Shrimp ‘n’ Grits
“Oh darling, you’re so wonderfully crude,” the senator’s wife exclaimed. “But shh, he’s coming.” She tilted her head to indicate the approaching waiter.
“You folks know what you’d like?” the waiter asked. He crossed his hands politely.
“How do you like the shrimp and grits?” the senator’s wife asked with only a hint of a smile. The waiter smiled broadly.
“Just about my favorite dish on the menu!” he said. “Real nice; like what I had growin’ up.”
“You grow up around here, son?” the senator asked, solemn as a sermon. The waiter nodded.
“’Bout five miles down the road, yessir,” he said.
One of the senator’s party leaned across the table.
“And how you planning to vote in the election, son?”
“Oh, I’m for the senator! And my momma, too. Whole family’s for you, sir.”
The senator nodded and lifted his glass in a mock toast.
“Good boy,” he said, and they all had a laugh.
The party ordered their meals and another bottle of Sangiovese, and the waiter retreated silently to the kitchen, beaming. When he stepped through the swinging door, the smile slipped from his face like egg from a non-stick pan.
“Two shrimp ‘n’ grits, medium-rare hangar steak and an oriental chicken salad, dressing on the side,” he called to the cook. His manager was leaning on the counter, frowning.
“Why do the white people always think you’re black?” he said.
“I guess ‘cause I am black?”
“Yeah, but ain’t you from India or some shit?”
“Bangalore. So?”
“So why do you play along?”
The waiter laughed.
“Same reason I tell my mother I’m still in school. Same reason you tell your wife you still love her. People like simple lies better than complicated truths. They feel good when things fit their expectations…” he smiled. “And when people feel good, they tip better.”
The manager shook his head.
“Well cut it out with the ‘my mommas’ and the ‘yessirs’,” he said. “That shit’s offensive.”
The waiter laughed.
“Yessir.”
This is my story for this week’s Trifecta Writing Challenge: Crude. I honestly don’t know what I think of it, so I’m relying on you all to tell me what you think. At least it’s different from my regular stuff, right? Right!? Le sigh.
If you’re missing my regular stuff, check out the three recent series here.
Brilliant. Well done, yet again, Brian! :)))

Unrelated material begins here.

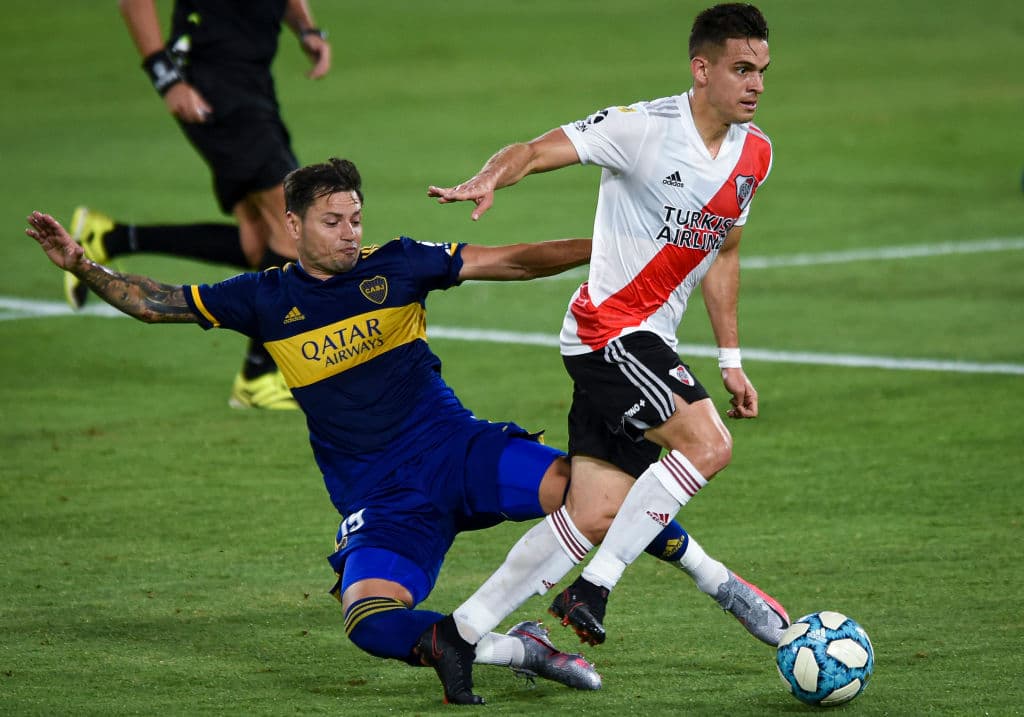 Con goles de Ramón Ábila y Sebastián Villa para Boca y gole de Federico Girotti y Rafael Santos Borré para River, el clásico argentino termina 2-2 en la Copa Diego Armando Maradona.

What the waiter said makes sense 🙂
This is great.
I had a friend in my younger days who used to always fall in love with the waitresses and barmaids at the local establishments we would frequent. They would smile their smiles at him, he would fall into a stupor and they would, quite literally, help themselves to the content of his wallet. Every time, though, he would go home happy and satisfied and would return promptly the very next Friday or Saturday night. Some folks are just born suckers, as you have so capably pointed out in your excellent post. 🙂
illuminating lesson! 🙂
The waiter knows how to get the tips – play along!
I love the description of his smile slipping off his face like an egg from a non-stick frying pan – clever. “People like simple lies better than complicated truths.” – this is a wise observation.
Very nicely done! I’m racially ambiguous like your main character. (If I had a dollar for every time a white person asked me “what” I am …) So I took extra delight in this fun read. 🙂
You do a great job of capturing character in just a few words, from your canny protagonist, to the bemused chef, to the pompous git of a senator (love that “solemn as a sermon” line). I love your writing style and look forward to reading more of your stories.
There’s some truth to what the waiter says, but he should also be proud of his lineage (:
I like the edge in this piece, as well as the humour. Great job with the prompt!
Well done.
I really liked this story, Brian. like egg from a non-stick pan… nice!